Ele se considera afortunado pela esposa trabalhar como recepcionista. Com o dinheiro que ganha fazendo bicos, o casal consegue sobreviver.
“Sou homem, então preciso trabalhar para levar alimento para minha casa, preciso ajudar”, conta César, enquanto espera para entrar na agência de empregos.
Falta de investimento em educação
O problema não é apenas a falta de oportunidades. Algumas empresas lutam para conseguir candidatos qualificados para as vagas disponíveis, afirma Aline Cardoso, secretária do Trabalho em São Paulo.
“Isso pode ser tanto no nível mais técnico, mais sofisticado, em profissões muito tecnológicas, mas às vezes até em profissões mais básicas faltam profissionais qualificados”, diz ela.
O lastimável sistema educacional no país é parcialmente responsável.
Em 2017, o Banco Mundial estimou que os brasileiros de 15 anos vão precisar de 75 anos para alcançar a proficiência média dos adolescentes da mesma idade em países da OCDE em matemática e mais de 260 anos em leitura.
E isto se eles de fato concluírem os estudos. Apenas 69% dos brasileiros com idades entre 15 e 19 anos se dedicam aos estudos, reportou a OCDE no ano passado, uma das taxas mais baixas neste grupo.
Lúcia Santos está entre os muitos brasileiros que não conseguiram concluir os estudos. Esta jovem de 23 anos, mãe de duas crianças, procura há cinco anos um emprego de caixa em tempo integral.
“Agora é mais complicado porque eles [os empregadores] pedem o ensino fundamental completo”, lamenta ela, que parou de estudar na oitava série.
Desistência
O desemprego crônico está piorando no país.
O número de pessoas sem trabalho há mais de dois anos alcançou 3,3 milhões de pessoas no primeiro trimestre – um aumento de 42,4% em quatro anos, informou em pesquisa recente o Instituto de Pesquisa Econômica Aplicada (Ipea).
O desemprego prolongado pesa sobre quem procura emprego, explica Paulo Vasconcelos, coordenador do grupo de voluntários Comunidade Católica Gerando Vidas, que administra a agência de emprego.
“Temos gente com um ano, um ano e meio, dois anos desempregada”, diz Vasconcelos, reportando um aumento nos casos de depressão e desamparo entre aqueles que procuram trabalho.
“Este ano a gente começou a perceber que muitas pessoas que vêm procurar oportunidades de trabalho não têm nada em casa para comer”, acrescenta.
Alguns meses atrás, Yanca Castro, de 22 anos, viajou milhares de quilômetros de Manaus para o Rio em busca de uma oportunidade, que ela ainda está procurando.
Em São Paulo, Marcelo dos Santos está sem trabalho há 15 meses depois de perder o emprego na área da construção civil.

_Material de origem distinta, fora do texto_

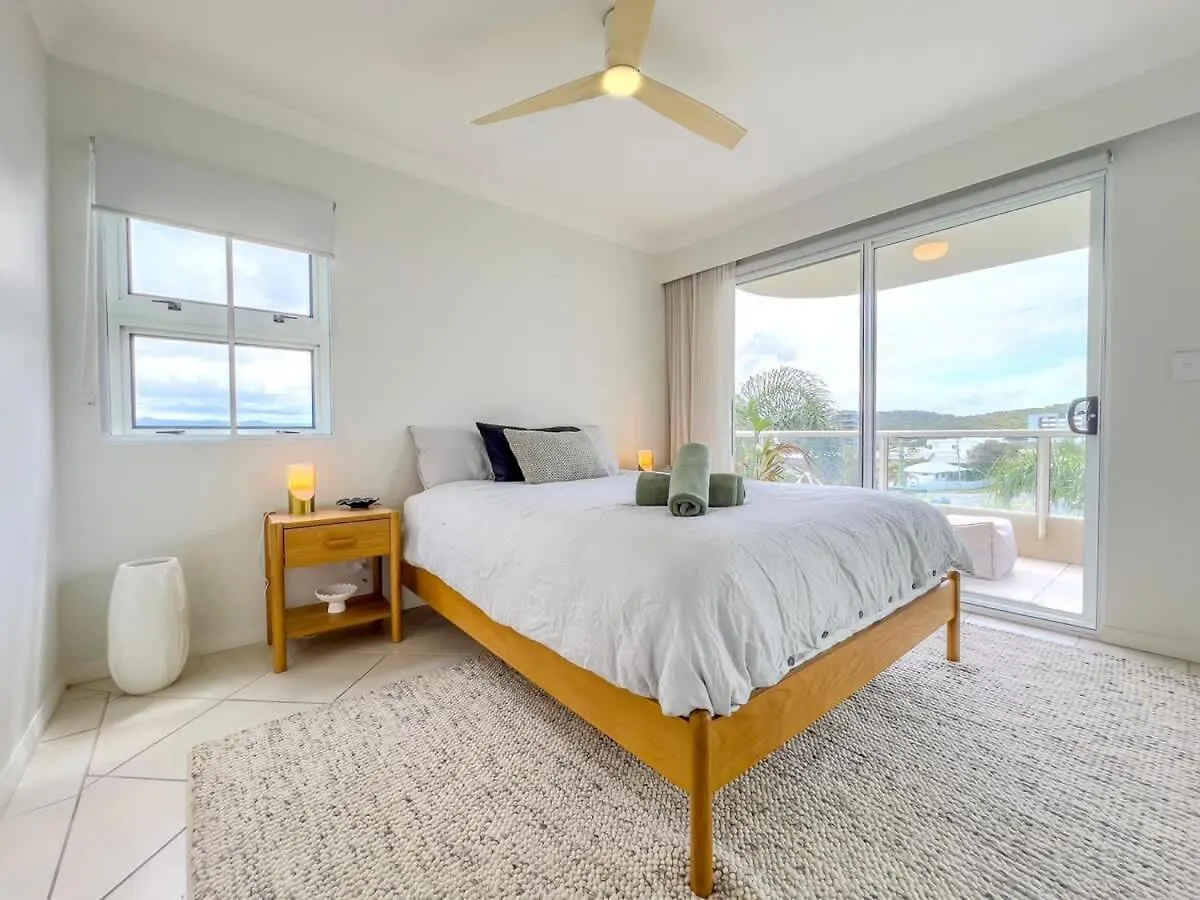 Beach By The Window Gold Coast 0*,  Australie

Ele se candidatou para várias vagas, mas até agora “ninguém o chamou”, conta este homem de 48 anos em uma agência de emprego pública.

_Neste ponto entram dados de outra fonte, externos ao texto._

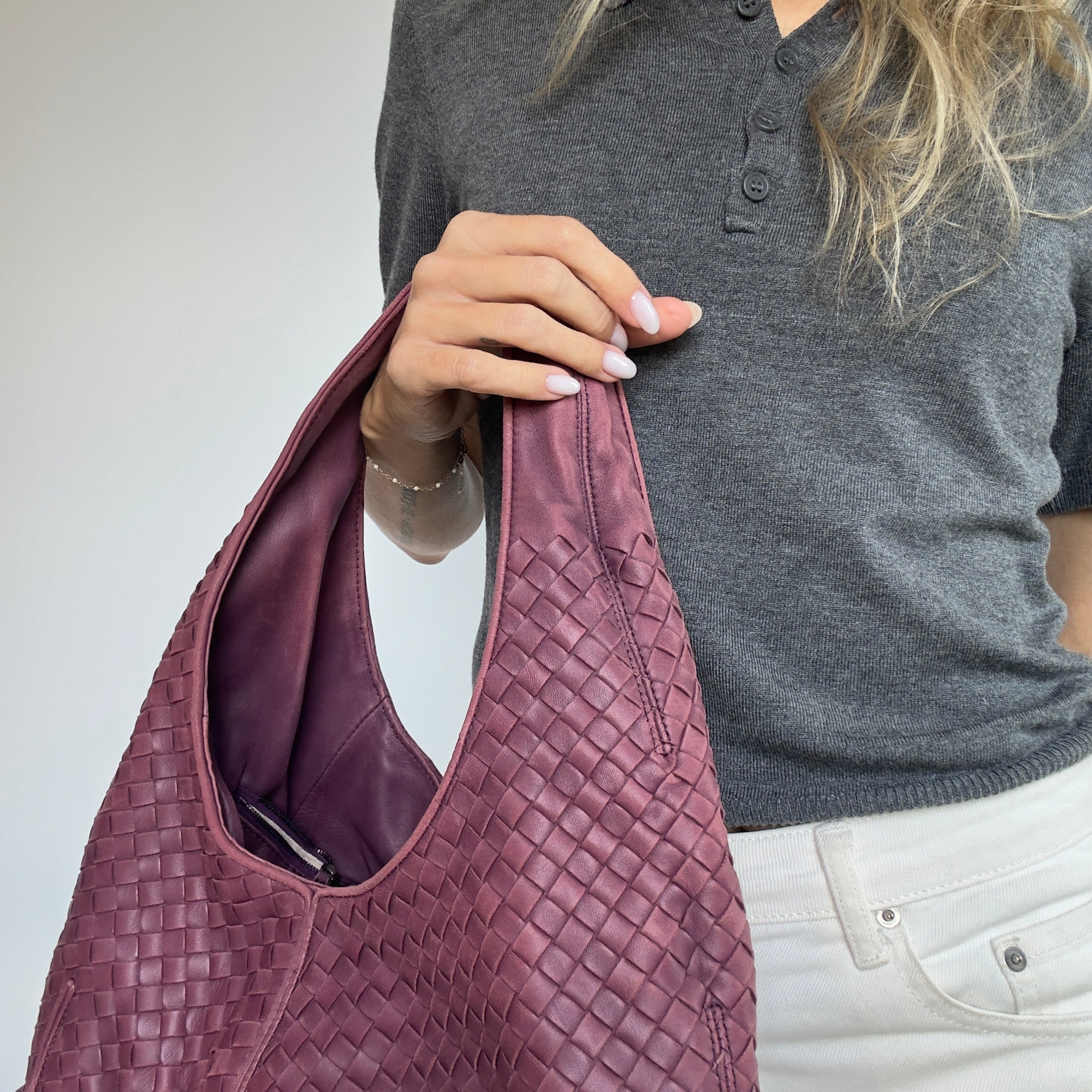 Bottega Veneta Intrecciato Hobo Maroon - Queen May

“Passar 10, 15 meses [sem emprego] nunca aconteceu”, afirma.
Muitos acabam desistindo.
O número de pessoas que pararam de procurar trabalho no período de março a maio chegou a 4,9 milhões, batendo o recorde anterior de 4,8 milhões, segundo os últimos dados oficiais.
Sem solução fácil
O crescimento estagnado dificulta a criação de emprego, disse recentemente à AFP o economista do Ipea José Ronaldo Souza, alertando que a taxa de desemprego “pode piorar”.
Isto tem um efeito em cascata.
“Com tantos desempregados, provavelmente o aumento do consumo vai permanecer baixo”, diz William Jackson, do Capital Economics.
“É difícil ver outros motores de crescimento na economia brasileira: o crescimento global está fraco, o que vai conter as exportações, e a política fiscal está cada vez mais restritiva”, prossegue.
Não há solução fácil para um problema que Alex Agostini, da Austin Ratings, diz ser tanto estrutural quanto cíclico.
A falta de investimento em educação e treinamento em um país com uma grande população jovem intensificou o desemprego.
Apesar dos desafios, Thaysa diz que é otimista sobre o futuro.
“Tem que ser”, diz. “Tem bastante [competição], cada vez mais”.